Progressive social movements should take a much different approach to ethnic culture than that taken by most communist regimes. The central purpose of any progressive social philosophy or movement must be to nurture the development of the well-integrated human personality. Therefore, the diverse expressions of human culture must be accepted and valued, and indigenous culture must be given proper scope for expression. A progressive ideology, if adopted by a people, should be adjusted in a manner that supports and strengthens their ethnic ways.

Of course, the right to cultural expression cannot be absolute. There may be occasional need to discourage or check a few detrimental expressions of collective prana dharma—such as those which support to bigotry, patriarchy, or ecological destruction.

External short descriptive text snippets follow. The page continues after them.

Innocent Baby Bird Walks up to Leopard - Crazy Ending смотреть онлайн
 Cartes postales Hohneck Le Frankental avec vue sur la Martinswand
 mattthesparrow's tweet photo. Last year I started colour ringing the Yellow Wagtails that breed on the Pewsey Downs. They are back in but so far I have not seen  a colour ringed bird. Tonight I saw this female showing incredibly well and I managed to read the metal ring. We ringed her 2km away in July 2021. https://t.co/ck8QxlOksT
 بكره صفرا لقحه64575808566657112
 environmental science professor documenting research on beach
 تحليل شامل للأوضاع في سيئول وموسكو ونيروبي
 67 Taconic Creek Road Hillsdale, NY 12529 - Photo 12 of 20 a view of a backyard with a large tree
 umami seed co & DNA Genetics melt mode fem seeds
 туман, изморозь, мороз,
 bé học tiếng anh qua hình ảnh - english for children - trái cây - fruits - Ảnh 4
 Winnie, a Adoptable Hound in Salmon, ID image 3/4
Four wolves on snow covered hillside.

Where this is the case, every effort should simultaneously be made to replace destructive traits with humanistic traits. If new, more humanistic cultural values are instilled, the vital force of personality will not get diminished, but will be enhanced.

In the process of evolving a people’s prana dharma towards greater expression of humanism, force should be avoided if at all possible. Forcible change will only be resisted. The best approach is to encourage people to develop spiritually—that is, to express their psycho-spiritual dharma. The pursuit of spiritual truth acts to contradict and dislodge narrow, dogmatic outlooks, while replacing them with magnanimous and universalistic views.

When people come to possess a collective prana dharma that is fully compatible with their psycho-spiritual characteristic, they will naturally give expression to their inner aspirations. And they will enjoy the support of a social milieu that gives them a powerful sense of collective identity and sustains their deepest human longings.